Time machine aside, I do back up my files locally and offsite also to the cloud, however I was just wondering, what do you guys do in a case your internal system crashes and really needs to get back up and running without to much drama.

I now have all my external libraries from an external SSD (NI kontakt libs, EastWest libs, reasons refill etc...) I also have a lot of WAVES, isotope ozone etc...in my internal system SSD.

Anyone has any opinion with cloning your internal with software like Carbon Copy Clone, super duper etc...

My goal is in case of a system crash i could just run from a clone drive and minimise down time, I just don’t have any experience with all of this...any advise basing on your experience would be super awesome! 

Thanks for reading


----------



## Saxer (Mar 15, 2018)

Time Machine for system and project SSDs. I have a couple of sample SSDs. All SSDs are mirrored on my backup system. When I add new libraries I copy them per hand into it while keeping the folder structure. My backup system is a Raid 5 tower with 8 HDs (4TB each). From time to time I copy the system drive as a bootable clone via CCC.


----------



## benishoga (Mar 15, 2018)

Saxer said:


> Time Machine for system and project SSDs. I have a couple of sample SSDs. All SSDs are mirrored on my backup system. When I add new libraries I copy them per hand into it while keeping the folder structure. My backup system is a Raid 5 tower with 8 HDs (4TB each). From time to time I copy the system drive as a bootable clone via CCC.


Awesome so no issues with any 3rd party plugins being cloned to a bootable external ssd? Thanks for the reply.


----------



## Saxer (Mar 15, 2018)

I had to replace the system drive once but that's really long ago (knock on wood). A few plugins had to be authorized again but as long as you still have the needed information (developers web page plugin data, serials, key files, whatever, which I also store on my system drive) it didn't take long to get it running again. NI stuff, Logic and all dongle based plugins was running immediately.


----------



## X-Bassist (Mar 15, 2018)

When things are stable I try to buy a new drive (usually just a small HHD will work, since they are cheap) and use Carbon Copy Clone to make a bootable copy. As long as my iLok and elicenser survive, it should bootup everything just as if it was the original drive. But I admit, I have not had an internal drive go in a very long time- still have a 17” Macbook that boots up fine (though on 10.6). Def good protection to have when your on a big project with a tight deadline though.


----------



## benishoga (Mar 15, 2018)

X-Bassist said:


> When things are stable I try to buy a new drive (usually just a small HHD will work, since they are cheap) and use Carbon Copy Clone to make a bootable copy.
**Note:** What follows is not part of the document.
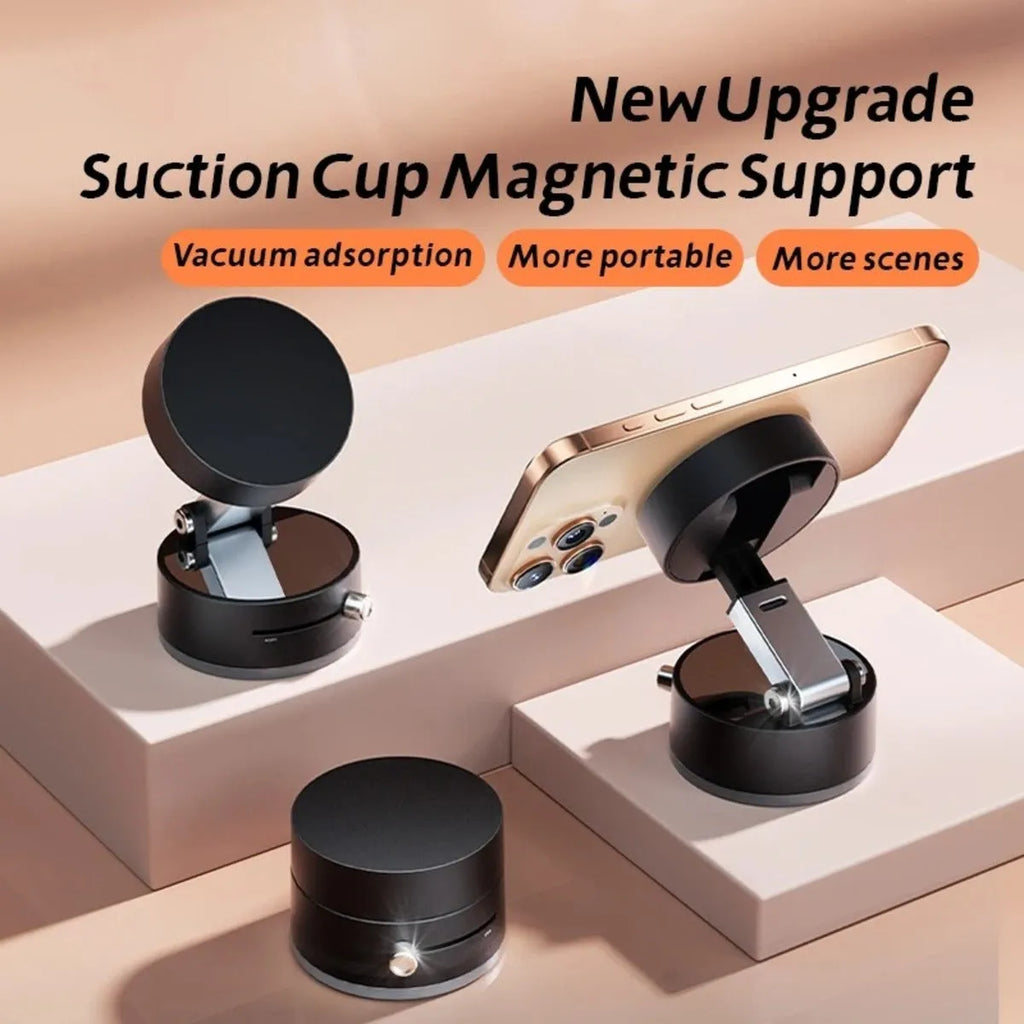 Black magnetic car phone mount with vacuum suction cup and 360-degree rotation ball joint on dashboard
As long as my iLok and elicenser survive, it should bootup everything just as if it was the original drive. But I admit, I have not had an internal drive go in a very long time- still have a 17” Macbook that boots up fine (though on 10.6). Def good protection to have when your on a big project with a tight deadline though.


Yeah I always back up my session files, I don’t have any Ilok or dongle, EastWest composer cloud x is authorised on my system and I just use internet verification with my REASON session, NI stuff is the same, I’m about to embark on a 6 months project for a music publisher and I just want to make sure just in case my internal goes south midway though this project I could rely on a bootable external I’m going to be on a very tight schedule...so CCC sound like a good way to go.


----------